Take the data below and write it out exactly, except for the pictures.

++++

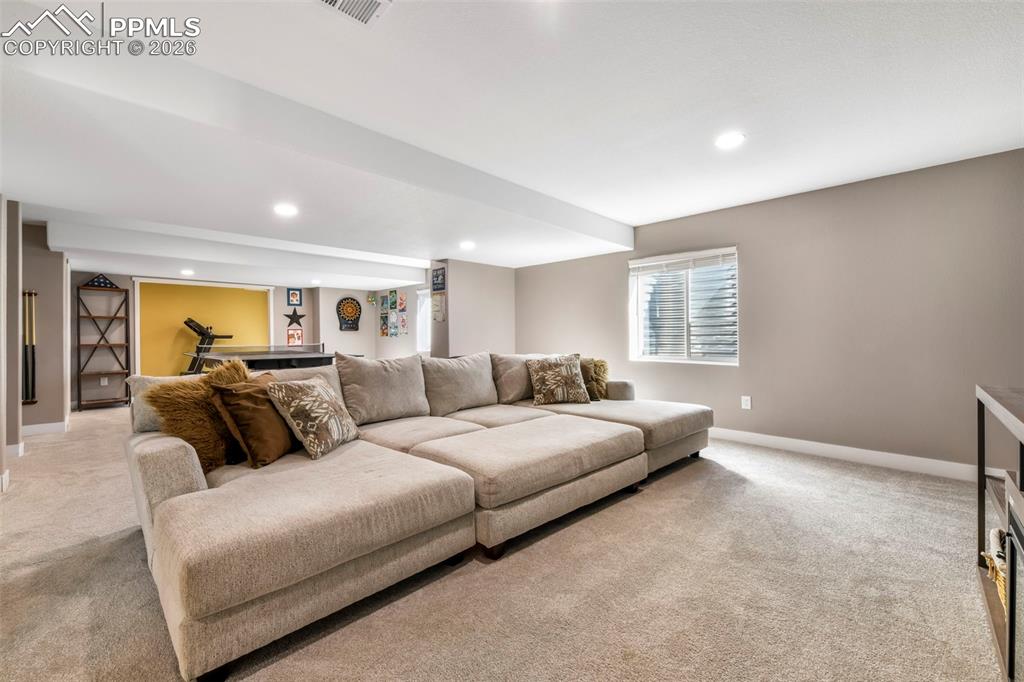 Image 35 of 50: Bedroom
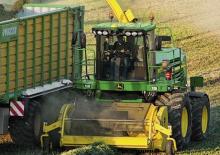 Комбайн за фураж 4-WD (задвиждане на четирите колела) John Deere 7350 i ProDrive-ASR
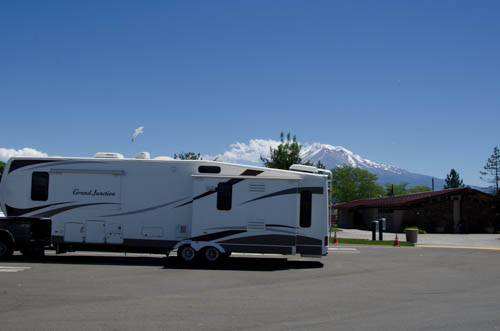 Reststop Lunch Break Mount Shasta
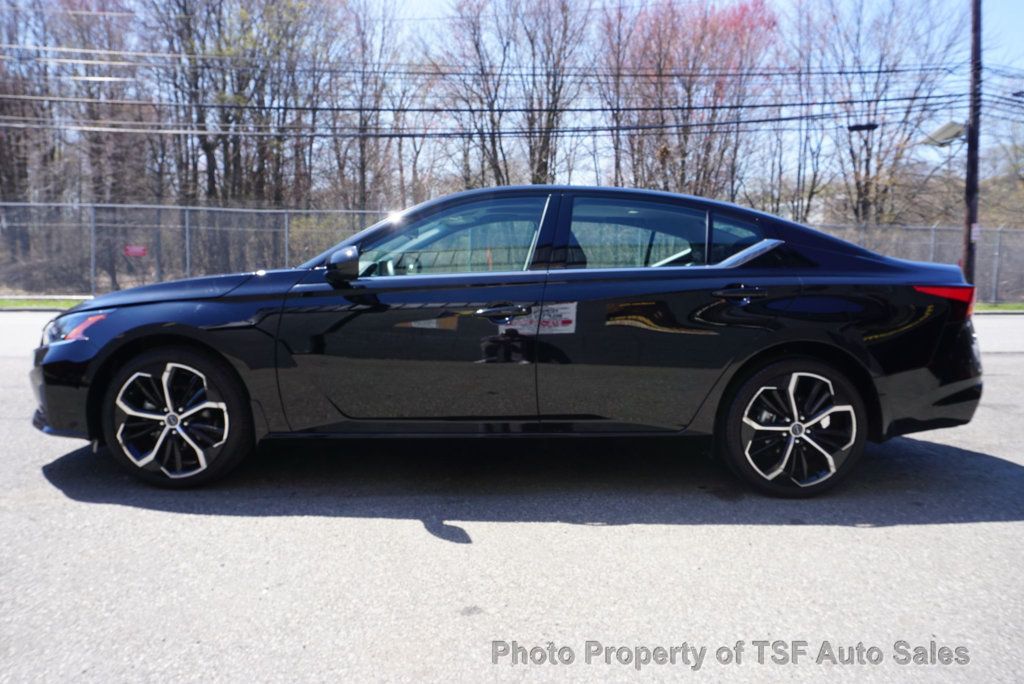 2024 Nissan Altima 2.5 SR AWD Sedan LEATHER NAVI REAR CAMERA CARPLAY SUNROOF LOADED - 23011553 - 3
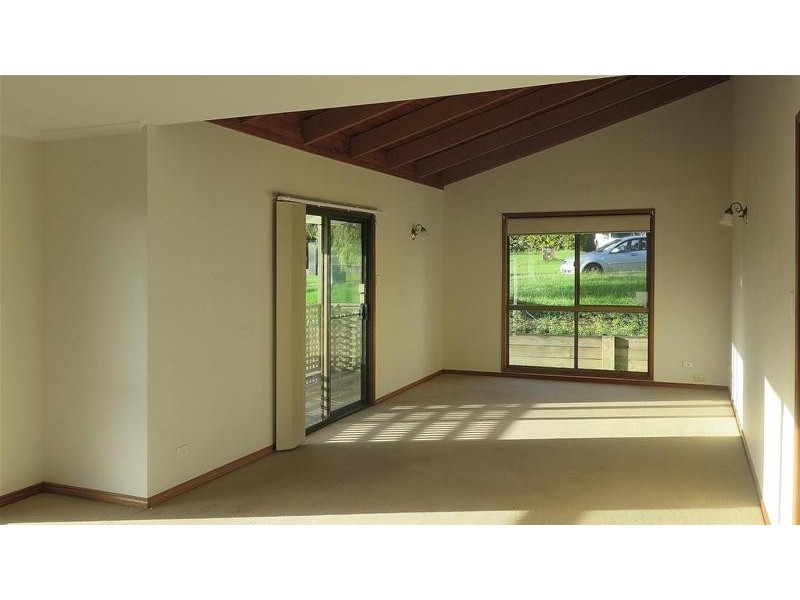 11 Beaumont Court, Currumbin Waters QLD 4223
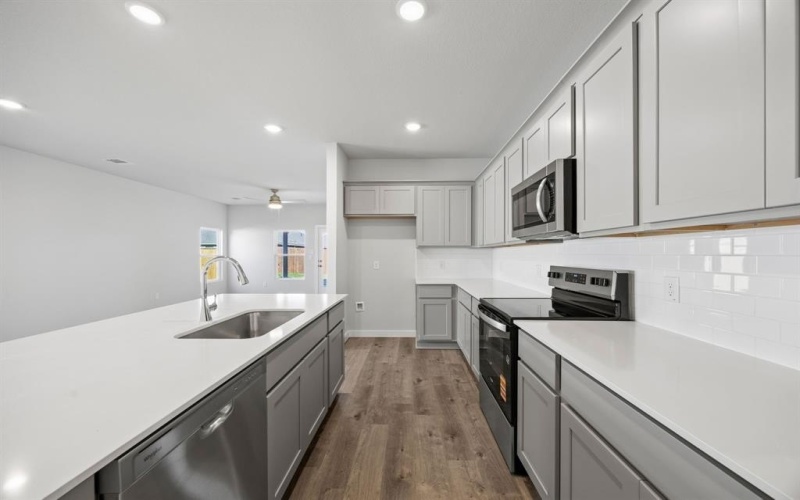 1017 Park Oak Lane, Crowley, TX 76036, 4 Habitaciones Habitaciones , ,2 BañosBaños,Residential,En Venta,1017 Park Oak Lane,0,21095390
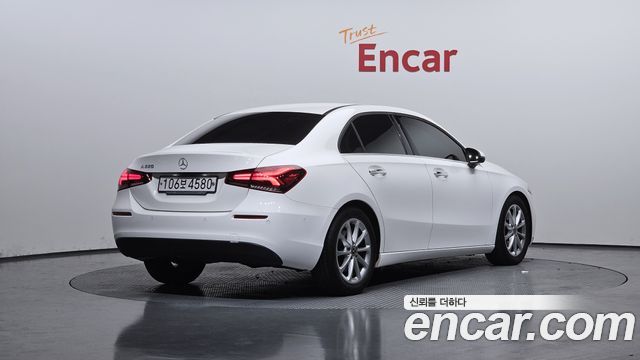 Mercedes-Benz A-Class (W177) A220 Sedan 2020 — фото 2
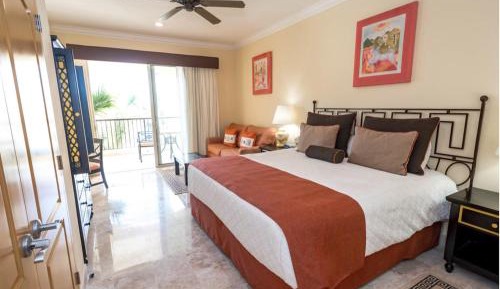 Junior Suite with Balcony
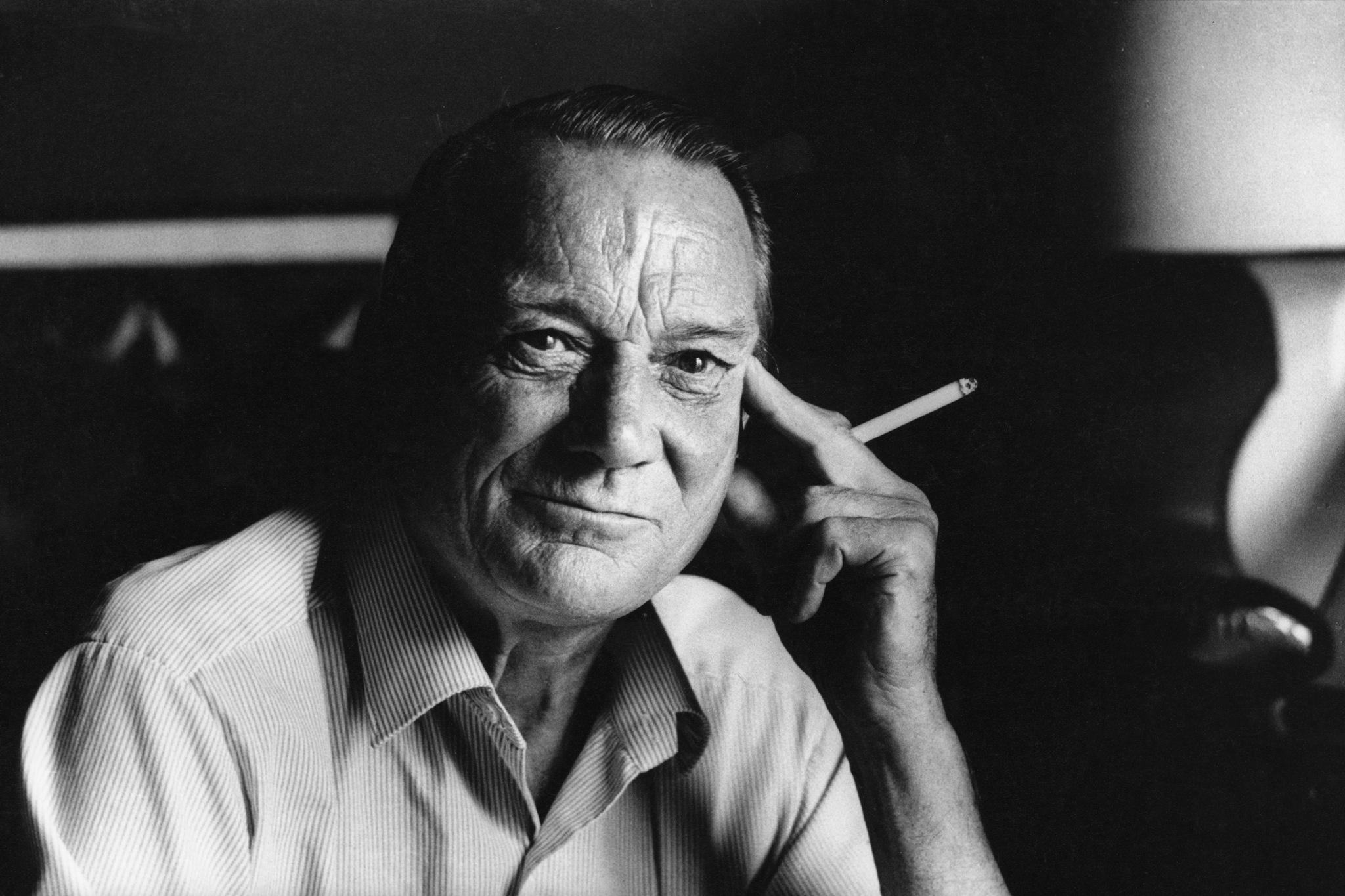 actor Denholm Elliott large photo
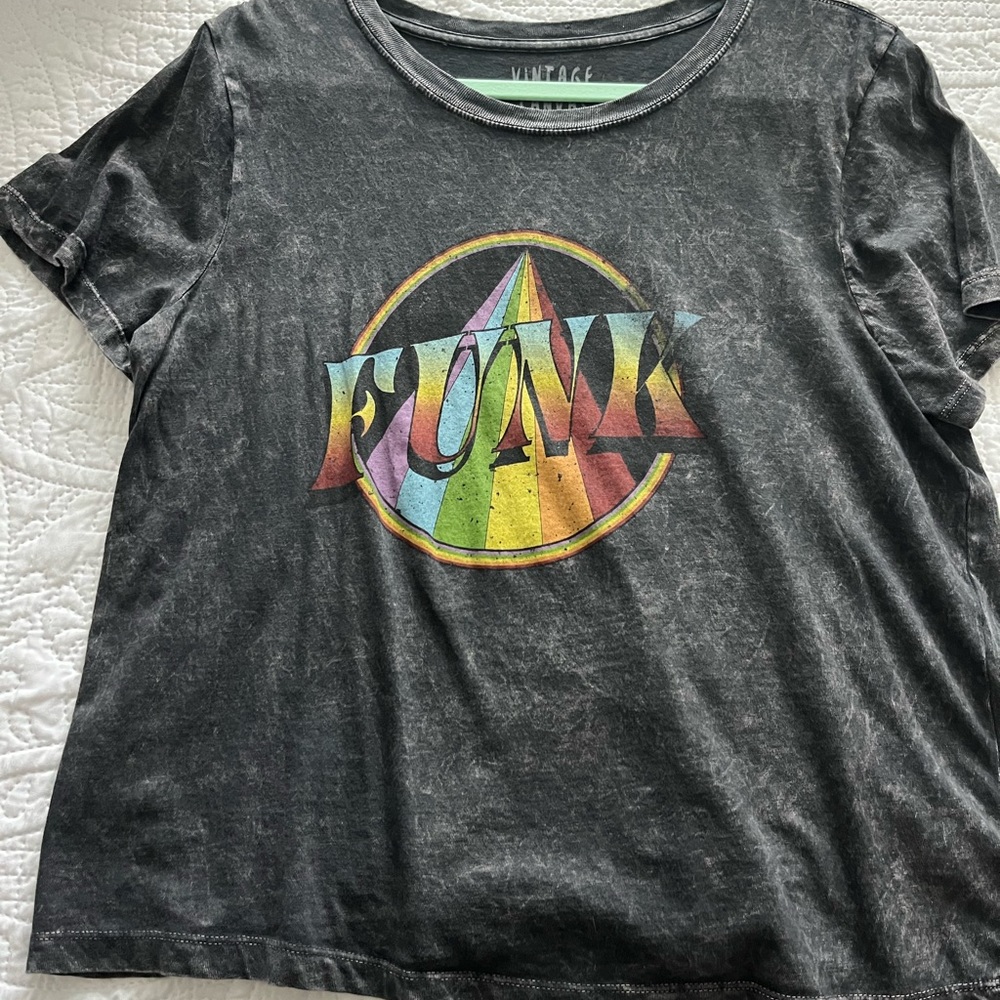 Vintage graphic tee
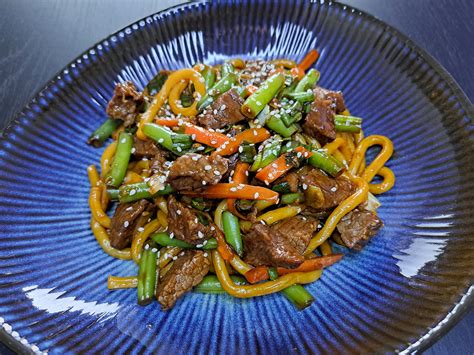 Ropa vieja s hovězím masem a zeleninou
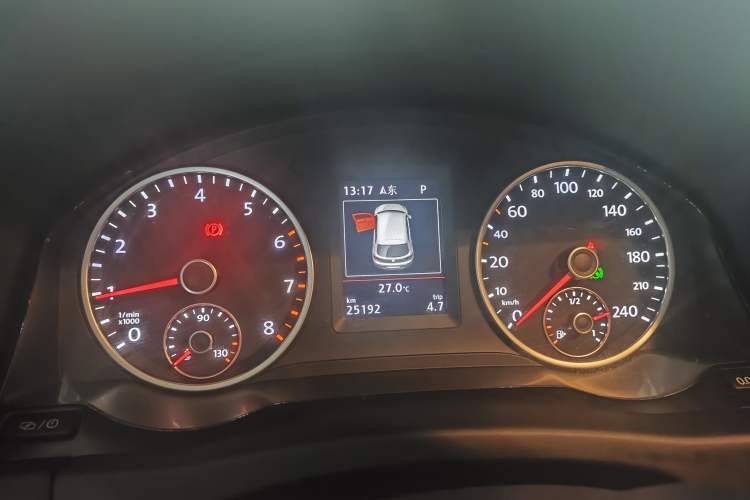 Used Volkswagen Tiguan L 2015 2.0 TSI Automatic All-Wheel Drive Luxury Edition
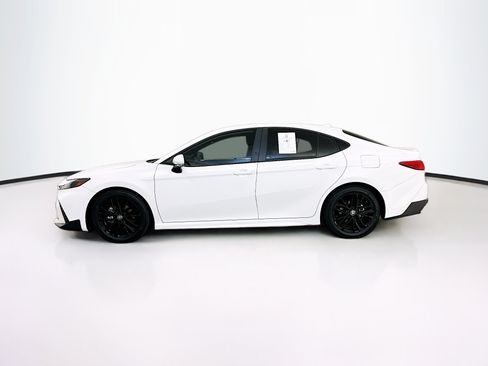 Used 2025 Toyota Camry SE FWD image 4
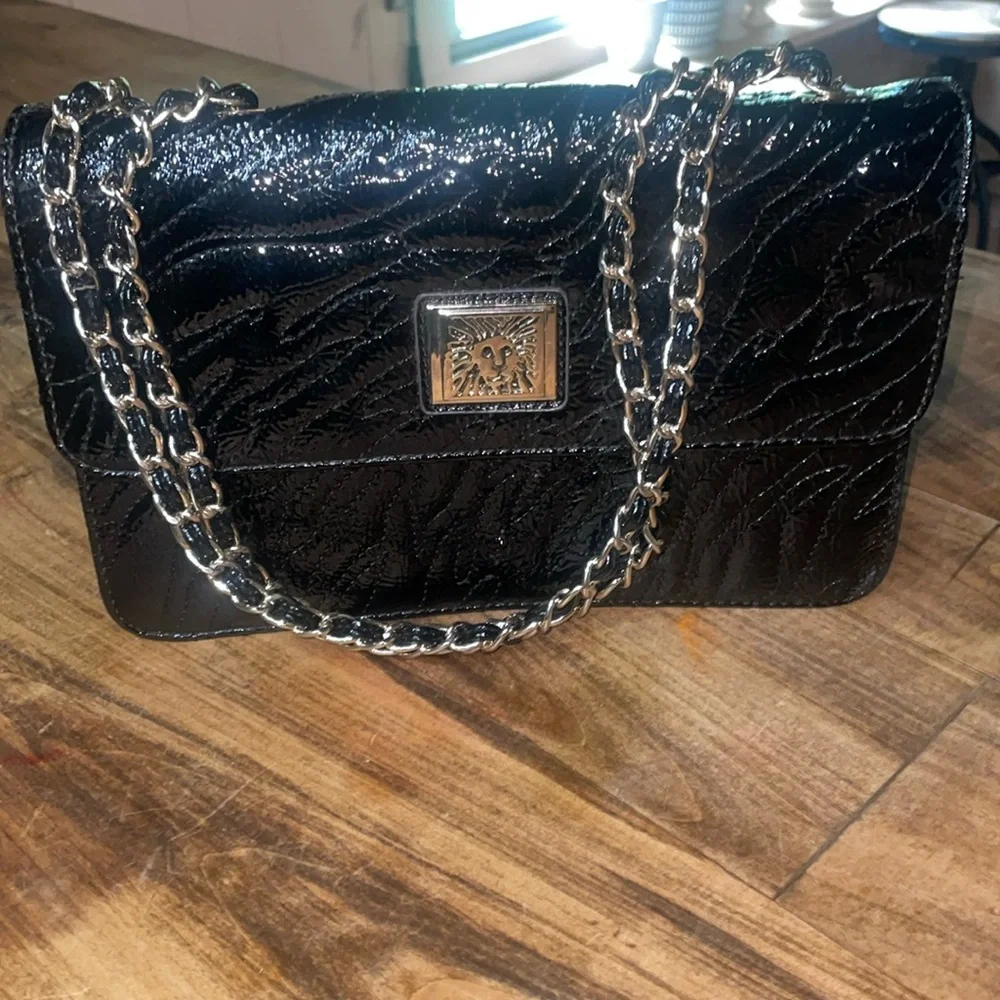 Anne Klein Quilted Patent Vegan Leather Chain Strap Versatile Shoulder Bag - Picture 1 of 9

++++

SOLUTION TO THE PROBLEM
 Image 35 of 50: Bedroom
 Комбайн за фураж 4-WD (задвиждане на четирите колела) John Deere 7350 i ProDrive-ASR
 Reststop Lunch Break Mount Shasta
 2024 Nissan Altima 2.5 SR AWD Sedan LEATHER NAVI REAR CAMERA CARPLAY SUNROOF LOADED - 23011553 - 3
 11 Beaumont Court, Currumbin Waters QLD 4223
 1017 Park Oak Lane, Crowley, TX 76036, 4 Habitaciones Habitaciones , ,2 BañosBaños,Residential,En Venta,1017 Park Oak Lane,0,21095390
 Mercedes-Benz A-Class (W177) A220 Sedan 2020 — фото 2
 Junior Suite with Balcony
 actor Denholm Elliott large photo
 Vintage graphic tee
 Ropa vieja s hovězím masem a zeleninou
 Used Volkswagen Tiguan L 2015 2.0 TSI Automatic All-Wheel Drive Luxury Edition
 Used 2025 Toyota Camry SE FWD image 4
 Anne Klein Quilted Patent Vegan Leather Chain Strap Versatile Shoulder Bag - Picture 1 of 9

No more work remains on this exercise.